Quando se define o ser humano como “animal racional” parece que, numa certa perspectiva, se medra numa pungente contradição; pois, se a condição animal se define essencialmente pelo comportamento instintivo, afecto às emoções que não ambicionam a consciência, a condição especificamente humana remete, supostamente, para uma racionalidade que, em última análise, representa o nível mais evoluído de um agir que visa a auto-preservação. Esta sempre imperecível contradição «emoção versus razão» representa, não obstante o facto de as duas se entrelaçarem de um modo bastante mais complexo do que aquele que é muitas vezes atendido, a relação dialéctica mais importante do momento de caracterização da outra nossa familiar dialéctica, nomeadamente «capitalismo versus marxismo».

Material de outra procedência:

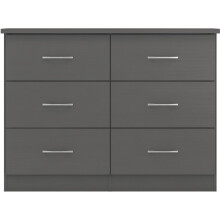 Nevada 6 Drawer Chest 3D Effect Grey Sizes (CM) W 120 x D 46 x H 89.5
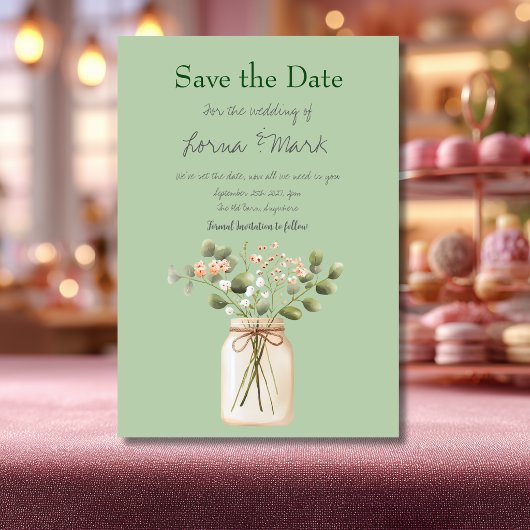 Carte de sauvegarde de date de mariage au pot de f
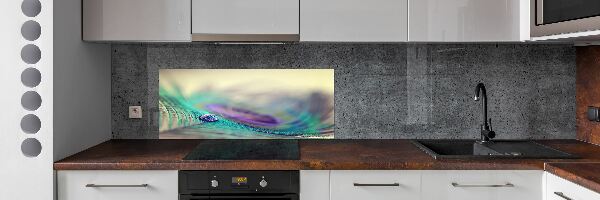 Panneau crédence cuisine Gouttes sur une plume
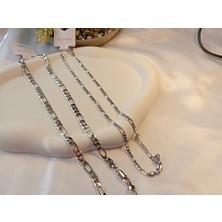 Xuping Jewelry Euro Aksesuar Xuping Gümüş Renk Figaro Zincir Kolye - 50 cm (3 mm Ince )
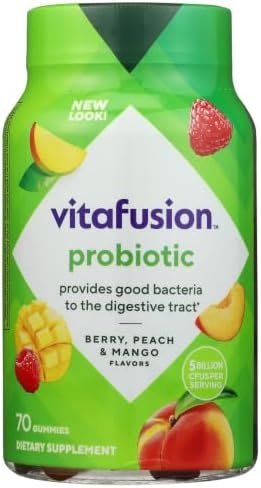 vitafusion Probiotic Gummy Supplements, Raspberry, Peach and Mango Flavors, Probiotic Nutritional Supplements With 5 Billion CFUs, 35 Day Supply, 70 Count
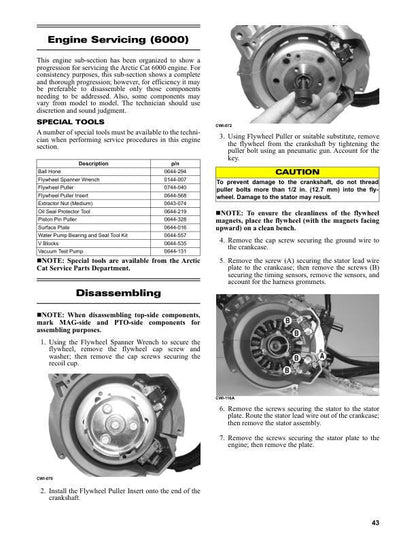Arctic Cat ZR Norseman Riot M Alpha One 6000 8000 Snowmobile Service sample page with diagrams and specifications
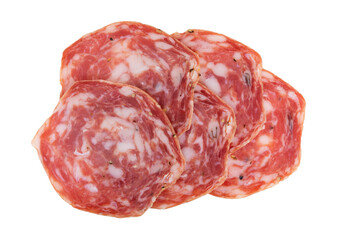 Overhead view of five slices of sweet sopressata on a white background.
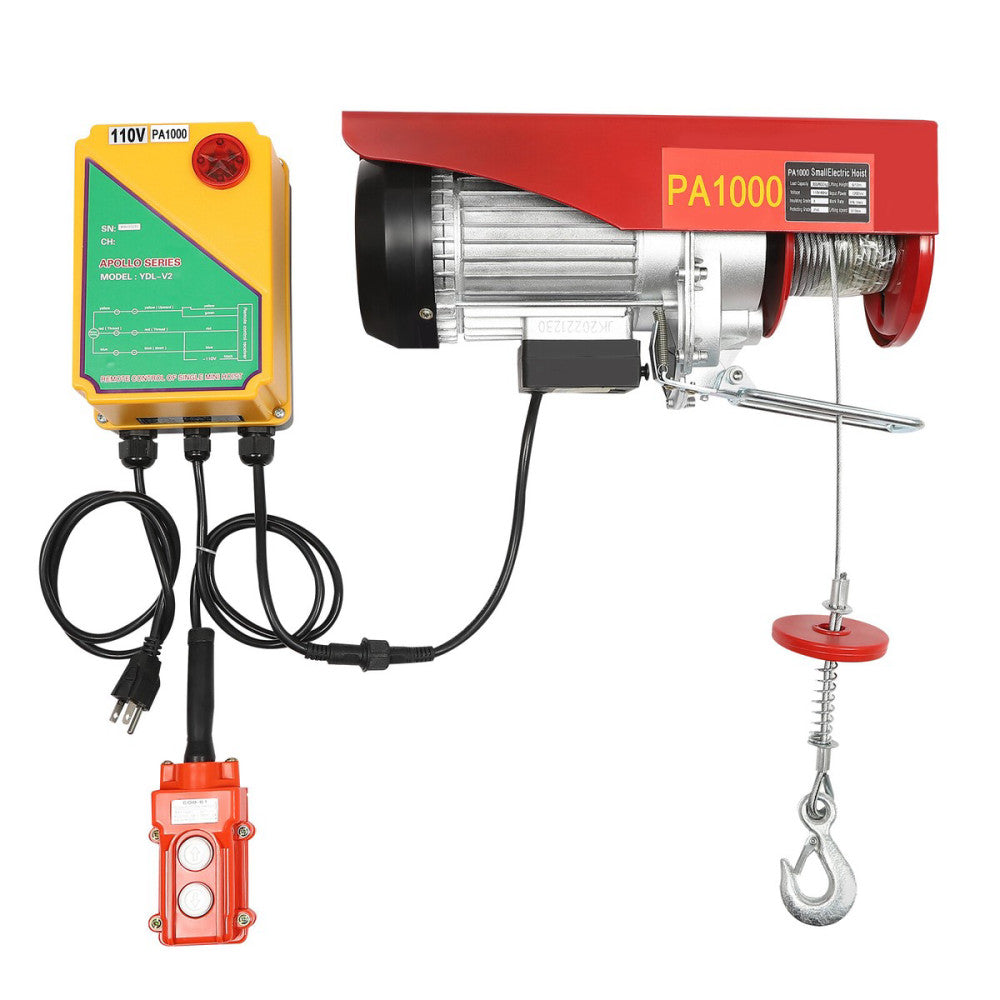 2200lbs Automatic Lift Electric Cable Hoist with Wireless Remote Control 110V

Tanto o capitalismo como o marxismo se pretendem racionais, mas o facto é que a dialéctica «emoção versus razão» nem sempre se consegue escalpelizar com objectividade aquando do exercício de caracterização da época moderna, era reconhecidamente liberal.
Por exemplo, a modernidade aparece marcadamente conotada com o desenvolvimento da ciência e da tecnologia, assim como com a demarcação de um pensamento categorizado, de índole quantitativa e materialista, o que, aparentemente nos leva a ver a modernidade como um resultado da actividade racional. Por outro lado, visto que as pessoas possuem uma relação espontânea e, portanto, irreflectida com os objectos da tecnologia, limitando-se a fazer uso alienado do «bem-estar» que os luxos do capitalismo propiciam, é indubitável que a emocionalidade parece ser a regra de funcionamento dominante do ser humano da era moderna.
O facto de possuir uma relação privilegiada com o suposto progresso científico e tecnológico, associado à assunção de que o liberalismo possui uma base teórica justificativa científica (no sentido das ciências «duras», «exactas» e «positivas»), leva a que o capitalismo se assuma como racional, incluindo a suposição, tantas vezes defendida, de que a democracia só é compatível com os sistemas liberais. No entanto, é impossível não reconhecer no comportamento competitivo e egotista do «cada um por si» dos «filhos da burguesia» todos os caracteres adstritos à animalidade básica e instintiva com vista à sobrevivência. De resto, a relação entre o capitalismo e as características da sobrevivência animal previstas pela teoria de Darwin terá sido compreendida pelo próprio Marx melhor do que qualquer outro. Poderíamos acrescentar a isto o apelo às emoções e «sensações» que o comércio e o marketing efectuam de forma não menos que doentia.
Na sua compreensão «sociológica» dos factores psicossociais que contribuem para as desigualdades sociais e económicas, não pode o Socialismo deixar de ser visto como um eterno contributo para a verdade racional das coisas, mesmo que o método marxiano propriamente dito, que pouco tem a ver com o método das ciências «exactas» (ao contrário do que o próprio Marx defendia), seja incluído no conjunto dos argumentos dos capitalistas esgrimidos em apologia dele como «método» irracional e acientífico (coisa que, de resto, deixa de fazer sentido face à visão da ciência pós-moderna, o que inclui a fragilidade das ciências «positivas»...).
Não se pretende, de qualquer modo, defender que a emocionalidade é necessariamente má, até porque esta não deixa de constituir a matriz básica de uma racionalidade consciente. Pretende-se, sim, fazer o apelo de uma emocionalidade evoluída, e portanto sentimental, a qual só pode fazer sentido numa sociedade onde residam certos padrões de solidariedade e onde a lógica «quantitativa» tenha, de uma vez por todas, sido entendida como inimiga do verdadeiro «progresso».
Assim sendo, pretende-se que o marxismo se faça acompanhar pela sempre eterna busca de equilíbrio entre uma emocionalidade que permite a cooperação entre pares (em desprimor dos instintos egotistas de sobrevivência) e a racionalidade que permite a aproximação de uma forma o mais puramente objectiva de Justiça.